Ağaçların arasındaki kar örtüsü erimedi hala. Kendi arabamla birlikte orkestracıların minibüsünü kar üzerinde olabildiğince geriye yanaştırıyorum. Araçları park ettiğimiz yerin hafifçe aşağı doğru eğimli olması sayesinde çıkışta sorun yaşanmayacağını düşünüyorum.

Misafirler yavaş yavaş gelmeye başlıyor. Hava oldukça soğuk. Gündüz saatlerinde yumuşayan kar, üzerinde gezildikçe buzlaşmış. İlk gelen misafirlerden biri her zaman park ettiğimiz ağaçların arasındaki alanda sorun yaşıyor. Uzun uzun uğraştıktan sonra zor bela üzerini temizlediğimiz parke döşeli yola atıyor kendini. Havuzun kenarında bugün karları temizlenen avluya park ettiriyorum. Daha sonra gelen araçları da mümkün olduğunca ağaçların altına park ettirmiyorum.

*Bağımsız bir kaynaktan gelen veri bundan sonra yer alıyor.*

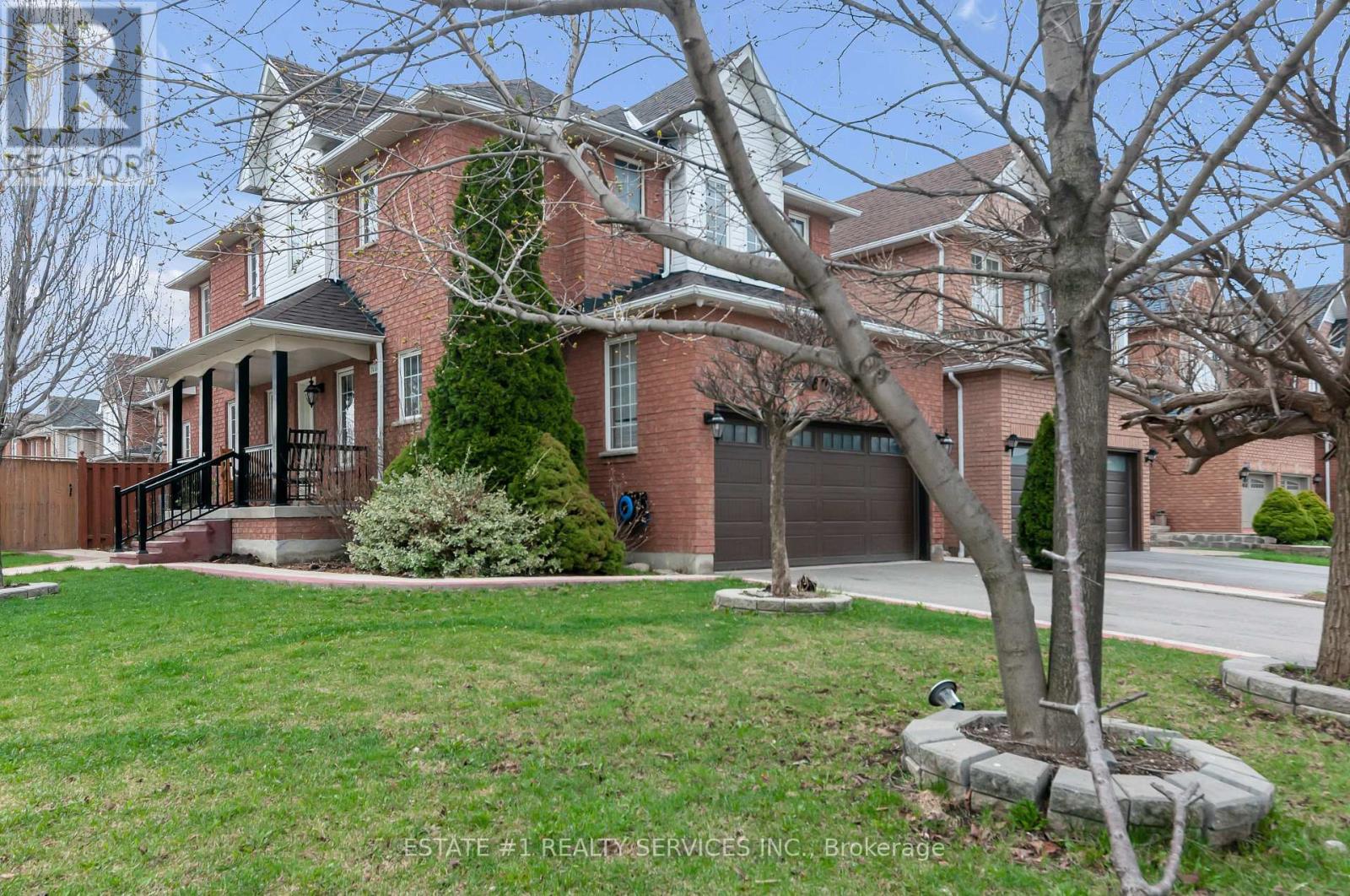 7448 VILLAGE WALK - 3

Gelen misafirler eğlenmeye hazır. Müzikle birlikte bütün masalar coşuyor. Ortada bıraktığımız alan dans edenler, oynayanlardan boş kalmıyor. Ordövr tabağı ile başlatılan servis kusursuz. Ekip görevini kusursuz yapıyor. Gecenin ilerleyen saatlerinde program gereği çekiliş yapıyoruz. Önce her misafire birer numara dağıtıyoruz. Aslında kafamda bu numaraları sandalyelerin altına yapıştırmak vardı. Yıllar önce Ankara Hilton otelinde ülke temalı bir eğlence esnasında görmüştüm. Önce kura çekilmiş daha sonra "Şimdi herkes oturduğu sandalyenin altına yapıştırılmış kağıt üzerindeki numaraya baksın." demişlerdi. İzmir'den rezervasyon yaptıran misafirlerimiz erken gelince düşündüğüm olmadı. İlginç bir şekilde iki büyük hediye aynı masada oturan iki kişiye çıkıyor. İlk şanslı misafirlerimiz onlar oluyor.

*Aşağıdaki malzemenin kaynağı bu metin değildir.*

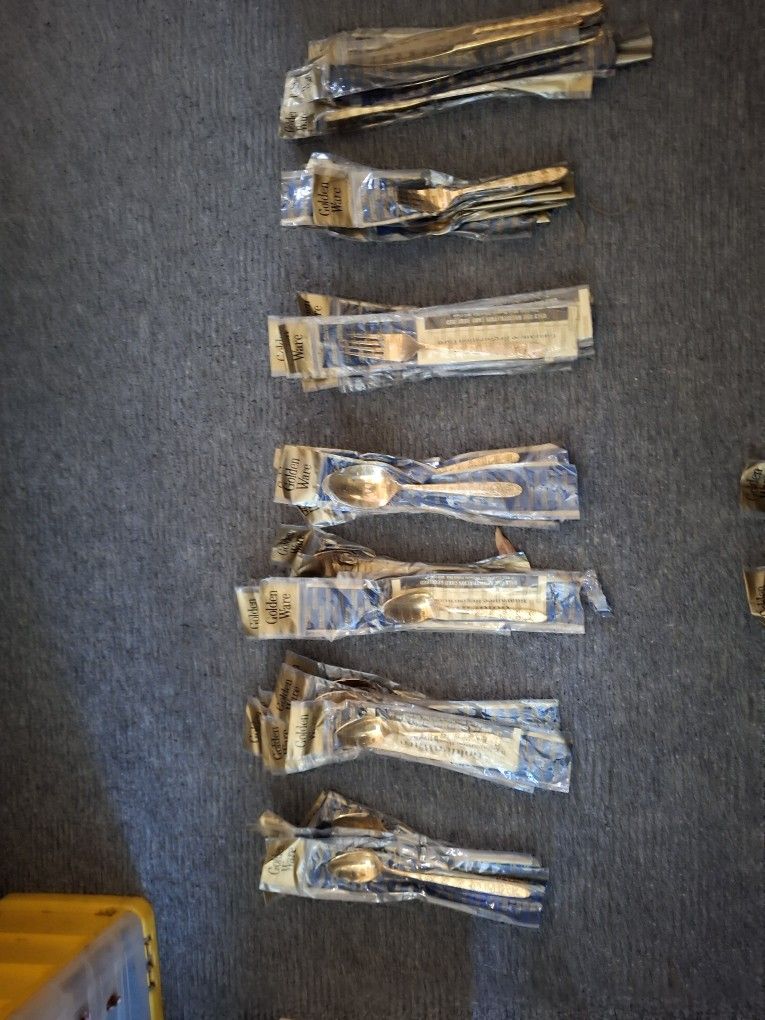 Goldenware 23kt Gold Electroplated Dinnerware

Yeni yıla girmeden az önce tombala oynuyoruz. Büyük mekanlarda uygulaması pek mümkün olmayan bu aktivite burada çok prim yapıyor. Bu sefer şanslı masa İzmirlilerin masası oluyor. Birinci ve ikinci çinkolarla birlikte tombalayı yapınca otel parasını bedavaya getirmiş oluyorlar. Tombala oyunu misafirleri çok mutlu etse ve ikinci kez oynamak isteseler de saatler on ikiye epey yaklaşmış olduğundan tekrarlamak mümkün değil.

Sessizce aşağıya, dışarıdaki elektrik panosunun yanına iniyorum. Geriye sayım başlıyor. 6,5,4... Tam sıfır denirken şalteri aşağı indiriyorum. Her taraf kararıyor. Müzik kesiliyor. Birkaç saniye sonra tekrar elektrik veriyor ve yukarı çıkıyorum. Herkes birbirini kutluyor.

Eğlence devam ediyor. Biri gelip haber veriyor. Yeni gelen araçlardan biri kaymış. Hemen çıkıyorum dışarı. İki genç ağaçların arasında patinaj yapıp çıkmaya çalışıyor. Araba otomatik vitesli olduğu için boşuna uğraşıyorlar. Manuele alıp ikinci vitesle çıkmaya çalışmalarını öğütlüyorum. Tekerleklerin altına çuval, paspas gibi şeyler atıyoruz. Kısa bir süre sonra aracı kurtarıyoruz.

Bu yılbaşı Adnan Şef hepimize misafir muamelesi yapıyor. Gönlümüzce bir gece geçiriyoruz. Orkestranın Ferdi Özbeğen'i bir ara beni ve eşimi dansa davet edince utanıyorum. Misafirler hep birlikte alkışlayınca kalkıyoruz piste. Daha sonra kızımla dans ediyorum. Oğlum gürültüden rahatsız, yemeğini yedikten sonra odamıza atıyor kendini.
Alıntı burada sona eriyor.